Results show that 12 of 23 plant shoots (new growth) sampled contain detectable levels of glyphosate one year after application, with some levels ranging over 1 ppm. The roots of plants contain higher levels on average, ranging from .1 ppm to over 4 ppm. Researchers specifically analyzed the fruit of raspberries and blueberries, finding average glyphosate levels of roughly .14 ppm.
“If a plant dies from an application it falls to the soil and there are microbes that gobble up the glyphosate,” Dr. Wood told the Vancouver Sun. “When they don’t die, they have interesting ways of coping, often by storing and isolating the glyphosate.” In general, plants appear to store glyphosate in their roots during dormancy, but translocate the chemical to shoots during the growing season. Dr. Wood found that lower growing plants appear to contain higher levels of glyphosate contamination than those farther from the ground.

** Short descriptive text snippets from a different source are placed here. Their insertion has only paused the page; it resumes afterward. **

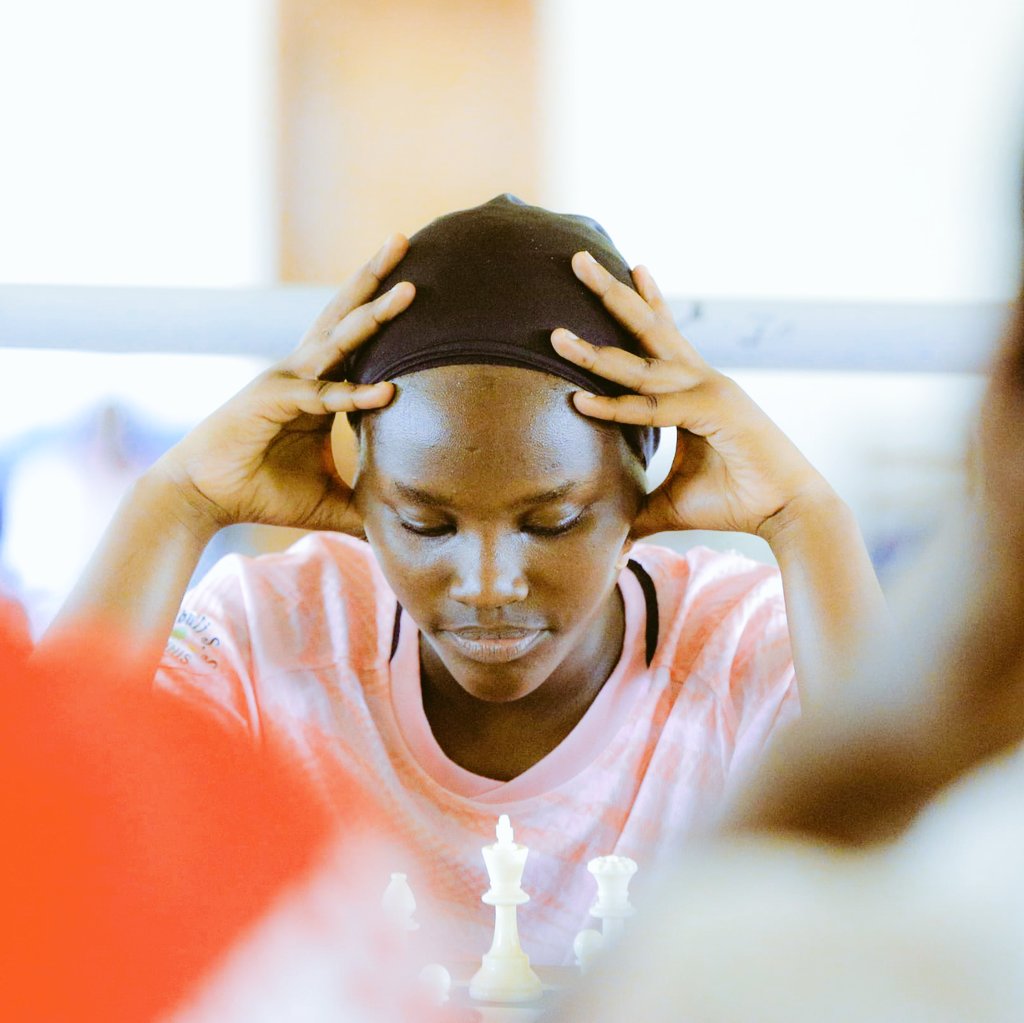 UMEA Solidarity Games tweet media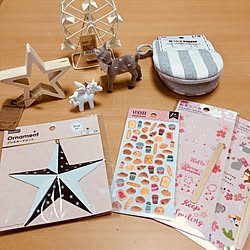 机/イベント参加/買ったもの♡/新商品買ったよ!/いいね♡フォロー♡コメント♡感謝です!...などのインテリア実例 - 2019-02-03 14:17:26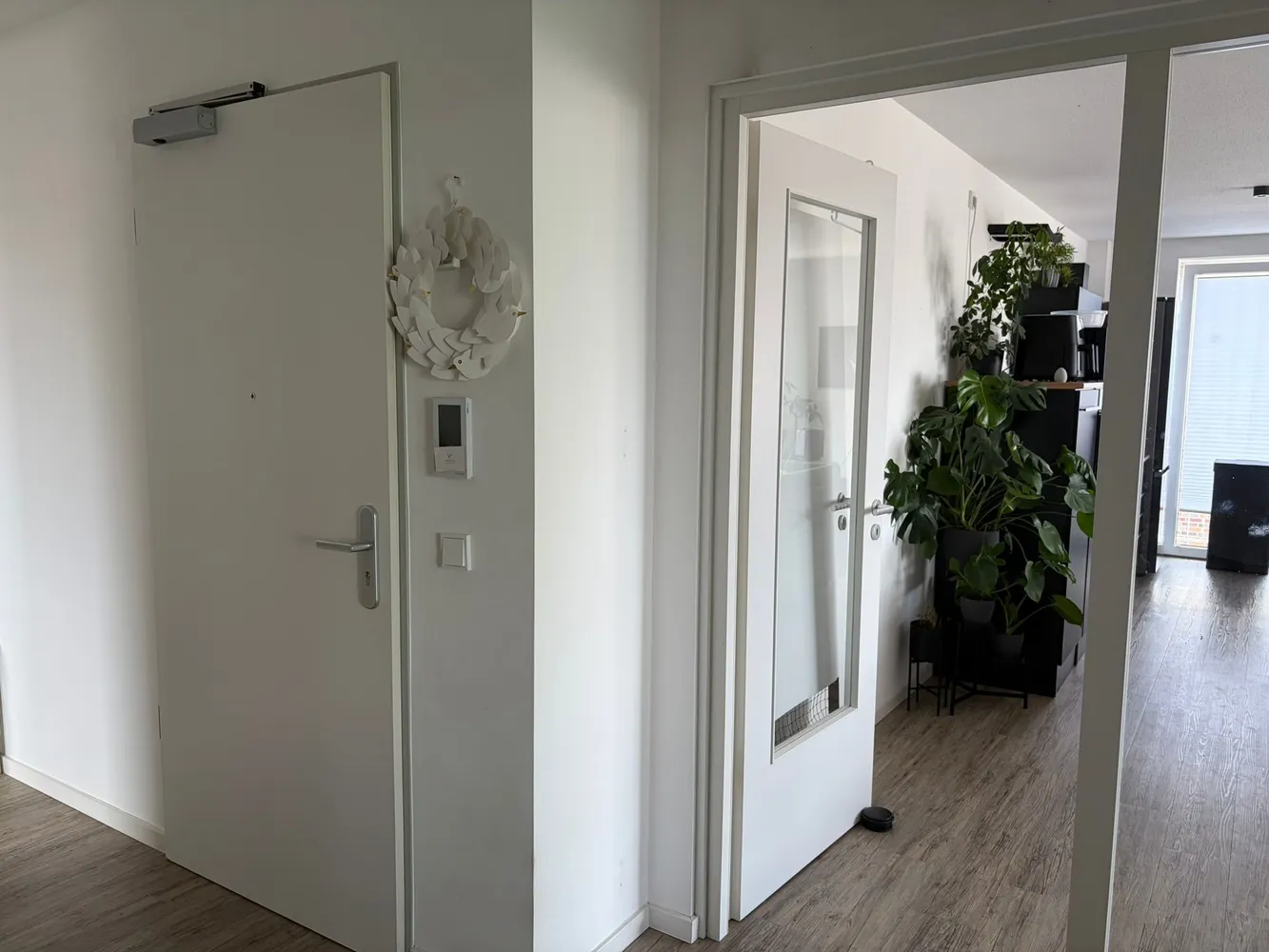 3 Zimmer Wohnung mit 89 m² in Peine – Bild 2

Many of the plants sampled have levels of contamination over the maximum residue limit of glyphosate the U.S. Environmental Protection Agency sets for some food commodities. Wild foragers and hikers will need to think about past chemical use in an area where wild fruiting berries occur. The study also has important ethnobotanical implications for North American indigenous First Nations, which use or have used the sampled plants for a variety of traditional means. As the study indicates, “Glyphosate may cause a disruption to the medicinal quality of plants harvested; there is evidence that glyphosate disrupts some plant secondary metabolites, and these metabolites could be the phytochemicals responsible for a given medicinal effect.”
Progressive forestry practices that forgo the use of toxic herbicides like glyphosate are gaining steam. In Canada, the Herbicides Alternative Project, a collaborative group consisting of the Tembec, Mushkegowuk Environmental Research Centre and other First Nations are working to reduce and eliminate forestry herbicides.